Task objective: Would you return, word for word, the lines of the data below from the line with "Obrazy Šedá antik" through the line with "Delivery driver positioning", and no others?

Extracted information:
★ ★ ★

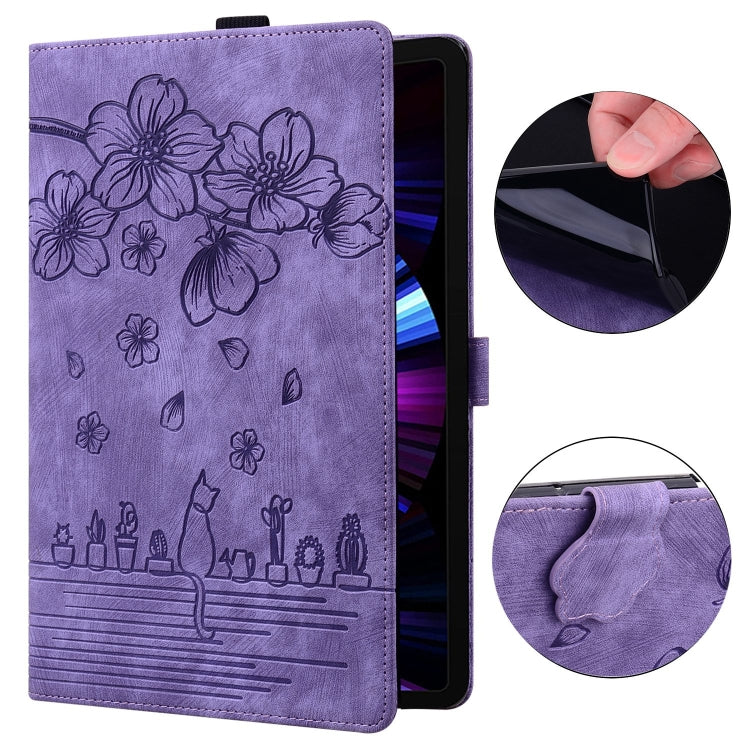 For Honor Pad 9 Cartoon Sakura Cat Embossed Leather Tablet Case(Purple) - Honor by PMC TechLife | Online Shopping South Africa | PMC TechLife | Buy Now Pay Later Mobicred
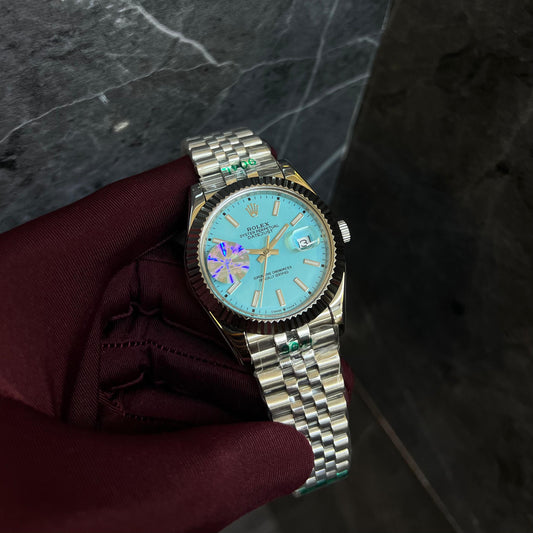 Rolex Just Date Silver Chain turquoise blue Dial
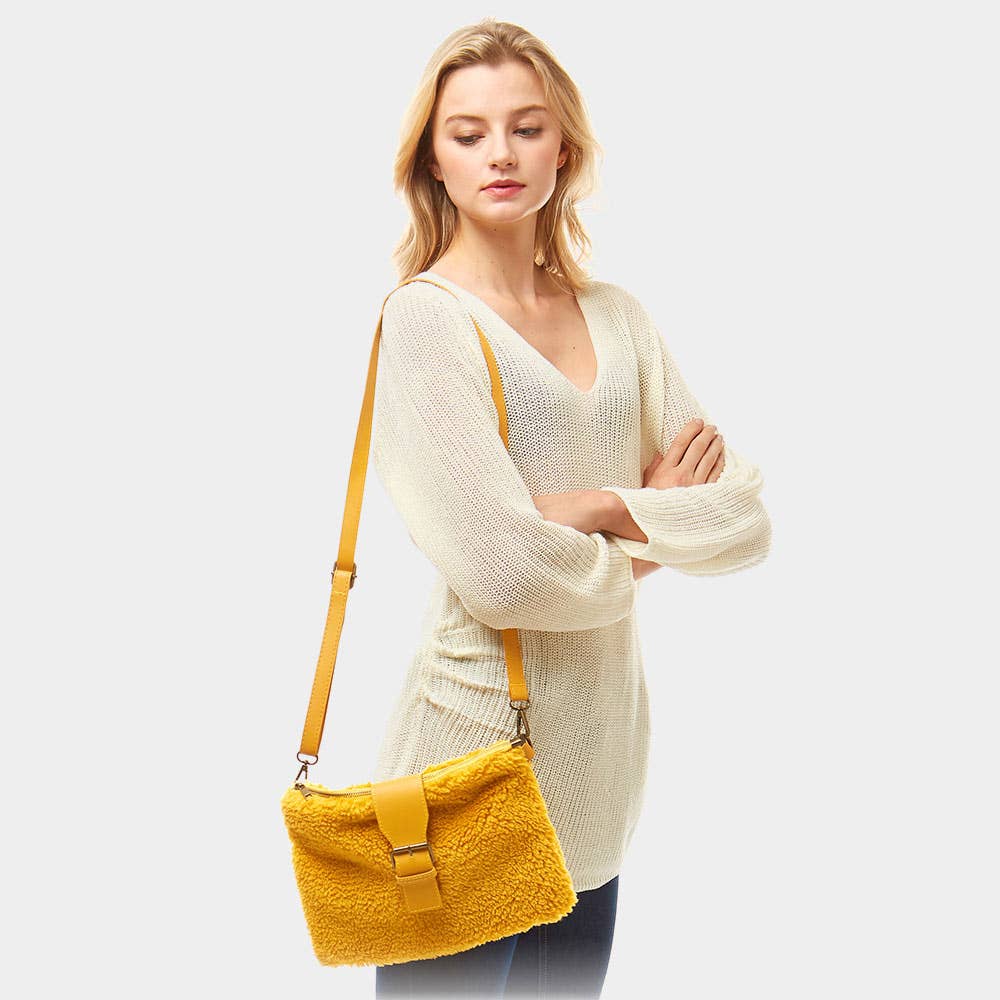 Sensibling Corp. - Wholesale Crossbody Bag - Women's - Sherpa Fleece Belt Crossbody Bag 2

★ ★ ★

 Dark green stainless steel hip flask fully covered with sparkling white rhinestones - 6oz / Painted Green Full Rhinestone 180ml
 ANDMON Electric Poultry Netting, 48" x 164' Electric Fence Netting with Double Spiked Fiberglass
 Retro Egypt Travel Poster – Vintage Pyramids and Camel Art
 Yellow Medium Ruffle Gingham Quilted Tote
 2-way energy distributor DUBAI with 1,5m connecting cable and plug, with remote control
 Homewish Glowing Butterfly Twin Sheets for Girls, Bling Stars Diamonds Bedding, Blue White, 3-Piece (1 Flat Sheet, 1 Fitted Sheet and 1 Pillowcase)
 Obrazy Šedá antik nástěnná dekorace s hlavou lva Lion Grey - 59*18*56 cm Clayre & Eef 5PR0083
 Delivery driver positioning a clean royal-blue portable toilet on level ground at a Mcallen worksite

★ ★ ★

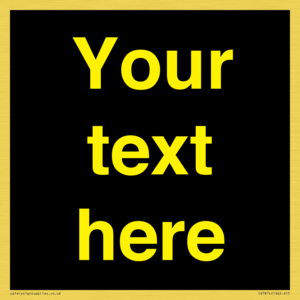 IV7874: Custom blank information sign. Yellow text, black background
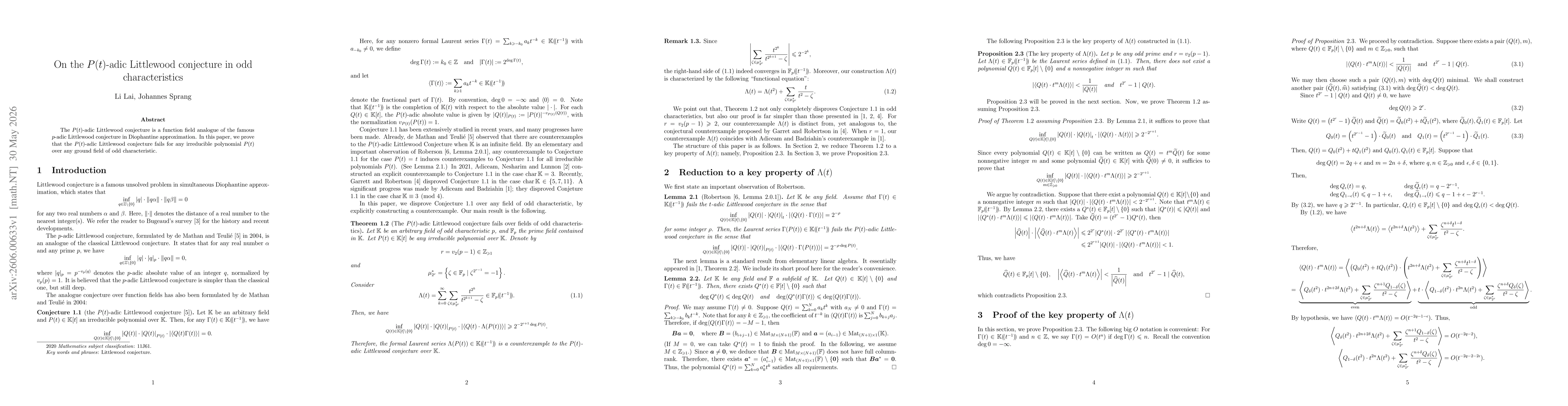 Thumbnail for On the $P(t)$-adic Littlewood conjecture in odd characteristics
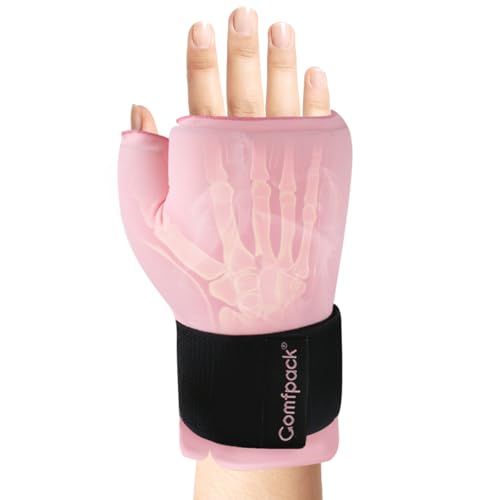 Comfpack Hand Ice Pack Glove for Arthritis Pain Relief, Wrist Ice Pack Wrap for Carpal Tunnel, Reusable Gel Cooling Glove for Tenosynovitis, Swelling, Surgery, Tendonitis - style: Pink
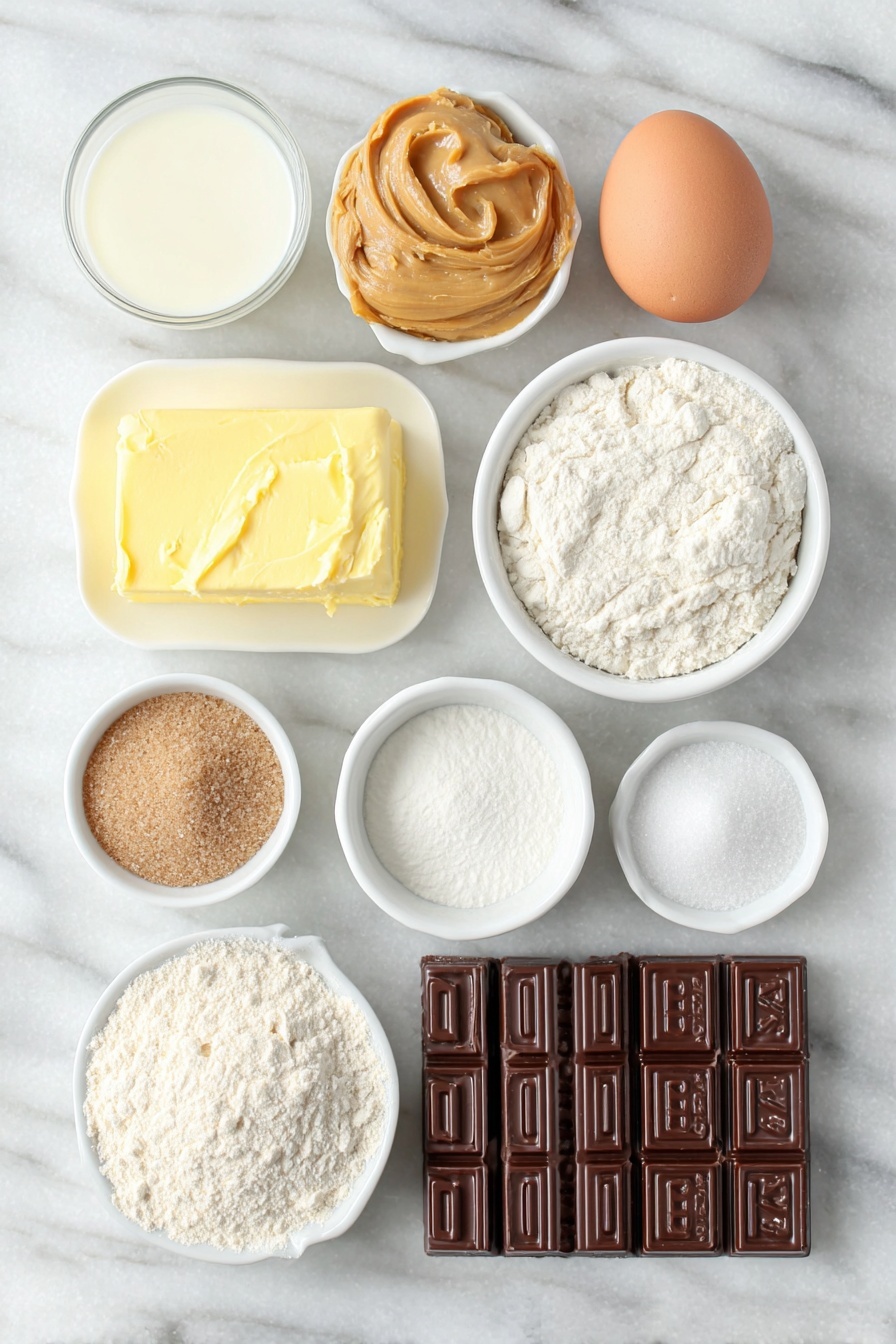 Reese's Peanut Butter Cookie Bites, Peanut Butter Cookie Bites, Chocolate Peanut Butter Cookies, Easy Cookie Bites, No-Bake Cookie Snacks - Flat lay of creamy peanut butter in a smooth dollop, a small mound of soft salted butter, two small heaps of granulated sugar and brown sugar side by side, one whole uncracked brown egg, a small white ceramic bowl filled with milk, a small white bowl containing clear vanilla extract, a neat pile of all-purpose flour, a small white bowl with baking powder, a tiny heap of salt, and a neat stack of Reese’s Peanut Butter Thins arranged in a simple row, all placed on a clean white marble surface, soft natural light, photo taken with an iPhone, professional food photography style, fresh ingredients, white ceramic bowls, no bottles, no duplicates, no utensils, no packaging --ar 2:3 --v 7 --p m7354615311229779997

★ ★ ★

Completed task:
 Obrazy Šedá antik nástěnná dekorace s hlavou lva Lion Grey - 59*18*56 cm Clayre & Eef 5PR0083
 Delivery driver positioning a clean royal-blue portable toilet on level ground at a Mcallen worksite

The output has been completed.